## Problem details
Copy the data that follows exactly. Include no pictures.

## Entries shown
==*==
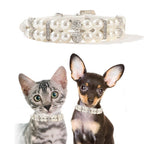 Fashionable Small Dog Pearl Collar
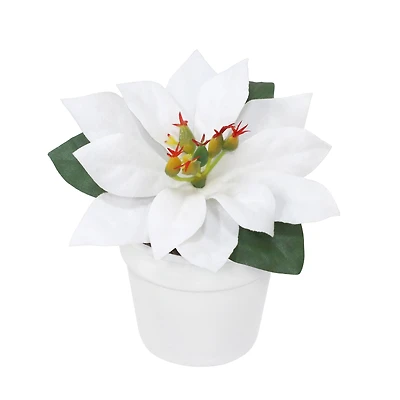 2.5" Premade White Velvet Poinsettia in White Terracotta Pot by Ashland®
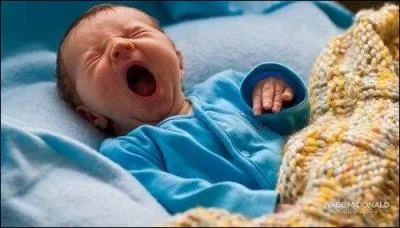 Un personnage un peu endormi qui nous chante : Non je n'ai pas oubli tous ces talons carrs - Ces filles au beau fessier ...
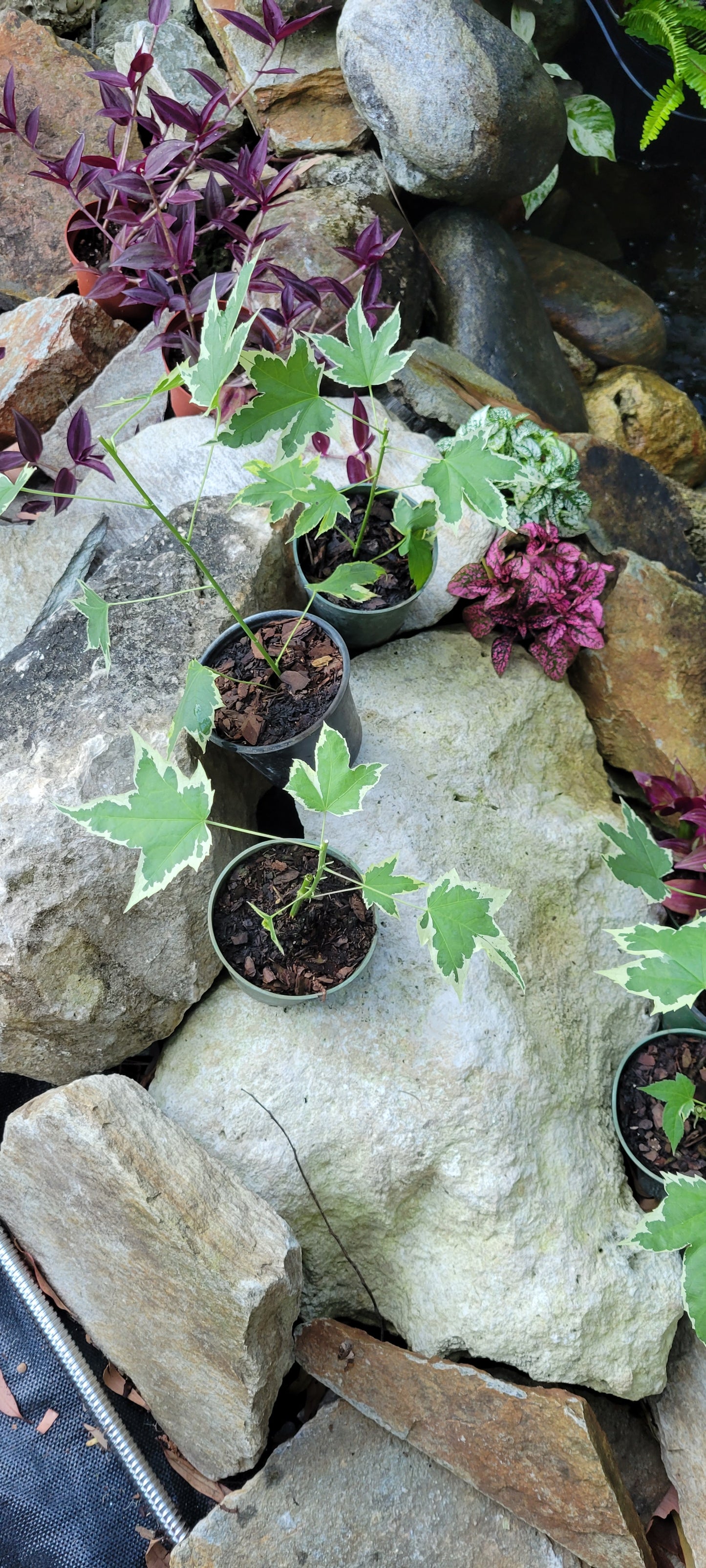 Variegated Abutilon Chinese Lantern in four inch pots. Photos b4 Shipping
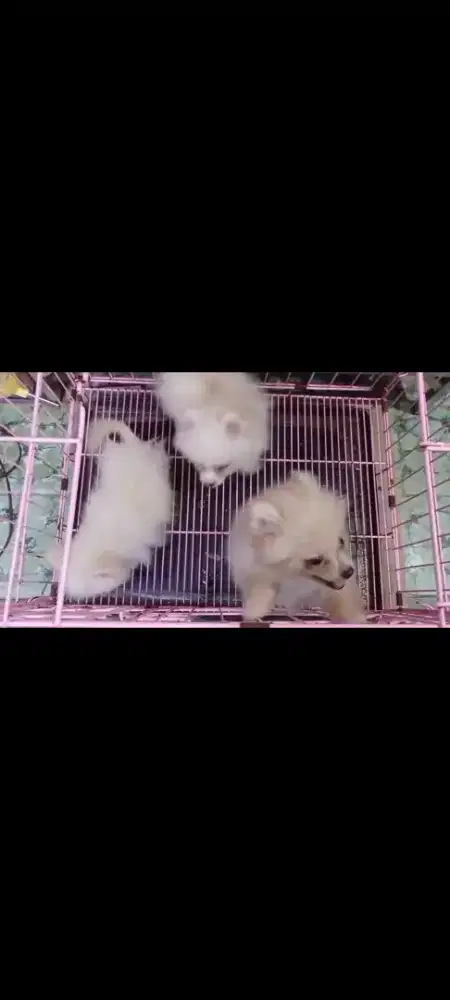Dijual Mini Pom Pomeranian Pure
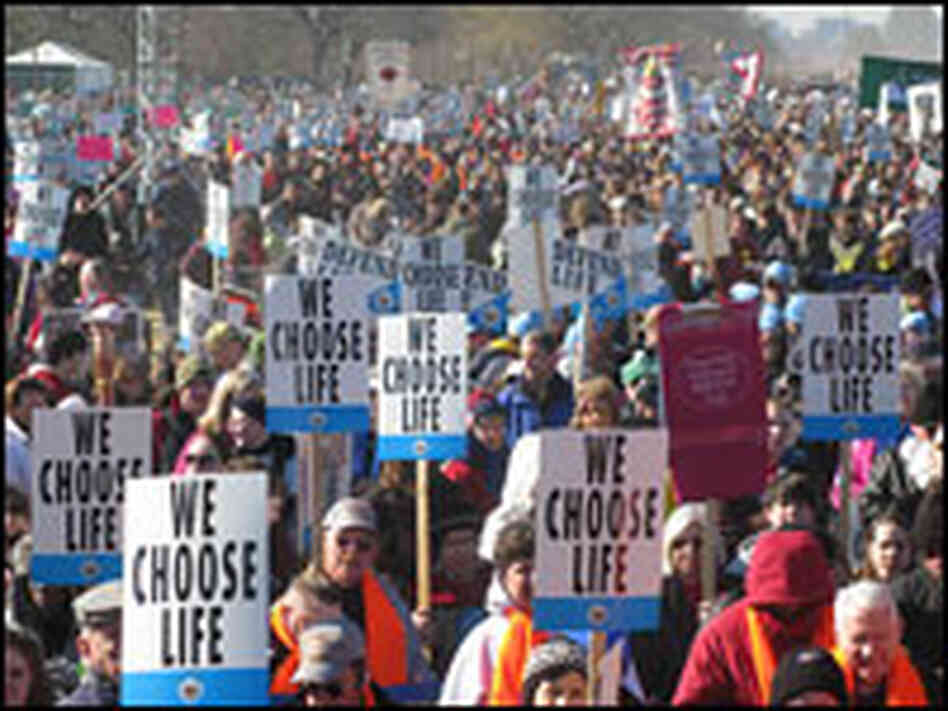 Anti-abortion demonstrators gather at the National Mall in Washington on Jan. 22, 2009.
==*==
## Result below
 Fashionable Small Dog Pearl Collar
 2.5" Premade White Velvet Poinsettia in White Terracotta Pot by Ashland®
 Un personnage un peu endormi qui nous chante : Non je n'ai pas oubli tous ces talons carrs - Ces filles au beau fessier ...
 Variegated Abutilon Chinese Lantern in four inch pots. Photos b4 Shipping
Dijual Mini Pom Pomeranian Pure
 Anti-abortion demonstrators gather at the National Mall in Washington on Jan. 22, 2009.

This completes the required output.